The TVs reported by LV participants were larger (p<0.001) than those reported by the NS participants (Table 2 and Figure 4). There was a non-significant trend (p=0.09) for NS participants with “worse” visual acuity (visual acuity of NS participants ranged from 6/4.5 to 6/9) to have a larger TV, but, surprisingly, this was not the case for LV participants (Table 3). TV size was not significantly correlated with difficulty with watching TV among the LV participants (ρ101=−0.16, p=0.11). TV size decreased with increasing age among LV participants but not among NS participants (Table 3). A multiple regression analysis found that younger LV participants had larger TVs than younger NS participants, whereas older LV and NS participants had TVs of about the same size. This suggests that, in general, older LV participants did not have access to larger TVs to compensate for poor vision or perceived difficulty with their viewing experience.
The viewing distances reported by LV participants (average 4.3 feet) were smaller (p<0.001) than those reported by the NS participants (average 7.6 feet). LV participants with worse visual acuity had shorter TV viewing distances (Table 3).

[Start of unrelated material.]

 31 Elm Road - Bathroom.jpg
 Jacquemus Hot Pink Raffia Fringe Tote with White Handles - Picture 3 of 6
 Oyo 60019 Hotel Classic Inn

Effective magnification, obtained by increasing TV size or decreasing viewing distance, was directly assessed through the visual angle of the TV, estimated from the reported size and viewing distance. Among the NS participants, visual angle was more highly correlated with TV size (ρ92=0.64, p<0.001) than with viewing distance (ρ92=−0.40, p<0.001), suggesting that changes in visual angle were obtained more from changes in TV size than changes in viewing distance. Conversely, for the LV participants, visual angle was more highly correlated with viewing distance (ρ102=−0.81, p<0.001) than with TV size (ρ102=0.41, p<0.001), suggesting that, for LV participants, changes in visual angle were obtained more from changes in viewing distance than changes in TV size.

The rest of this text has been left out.